Alrighty folks. I want to laminate thin pieces of brass/copper/metal/etc. as accent pieces into my game calls. 

Best glue for this? I have used CA once before but don't know about how it works with expansion issues. Does wood glue adhere to metal surfaces? What's the best answer here?


----------



## haddenhailers (Mar 21, 2014)

Matt, I've always used 5 minute epoxy for my glue ups. I do turn a tenon to fit the other piece so that when I drill through, I still have some extra meat and glue to hold on.

Thus far I've had no trouble with it. Mac do a tutorial over on THO of how he does glue ups for acrylic and metal, and it's pretty much the same way I do it.

Hope this helps,

Andrew

Reactions: Agree 3


----------



## Dennis Ford (Mar 21, 2014)

+1 on epoxy


----------



## Wildthings (Mar 21, 2014)

+2 on epoxy


----------



## haddenhailers (Mar 21, 2014)

Matt if you need anymore help send me a pm and you can call me. 

Andrew


----------



## bald9eagle (Mar 22, 2014)

Thanks Andrew. 

I've seen folks that inlay copper wire by cutting a bead and CA it in place and then turn it down (on bangles/pot call type turnings). I am just getting into trying some duck calls and wanted to add a little flair to them. My CA finishes suck right now (I lack patience) so being "different" is about the only way to catch someone's eye.


----------



## haddenhailers (Mar 22, 2014)

Matt I have a video up on YouTube if you need any other help with your ca let me know bub. 

Andrew


----------



## Cody Killgore (Mar 22, 2014)

It might be overkill, but I use West Systems G/flex to glue my knife handles on. IMO, this is about the best epoxy there is for this type of thing.

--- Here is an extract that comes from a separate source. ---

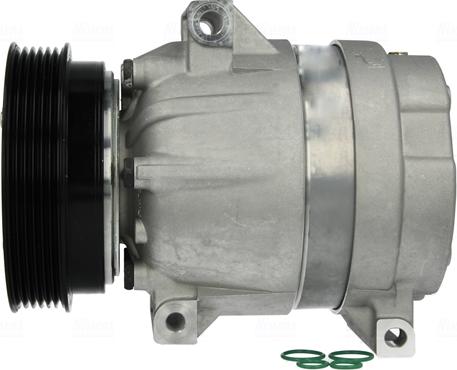 Nissens 89121 - Compressor, air conditioning car-mod.net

Specifically made to bond hard-to-bond surfaces and made to be flexible to allow for expansion/contraction etc. Pretty long set time.

Here's what I'm talking about.
http://www.westsystem.com/ss/g-flex-epoxy/

Reactions: Informative 1


----------



## Molokai (Dec 11, 2014)

Dont want to start a new thread.....
i want to glue two pieces of snakewood together. Should i use CA, wood glue or epoxy. Its for a bangle, so what will work best ?


----------



## DaveHawk (Jun 5, 2016)

I'd use west system , works for me.

Reactions: Like 1


----------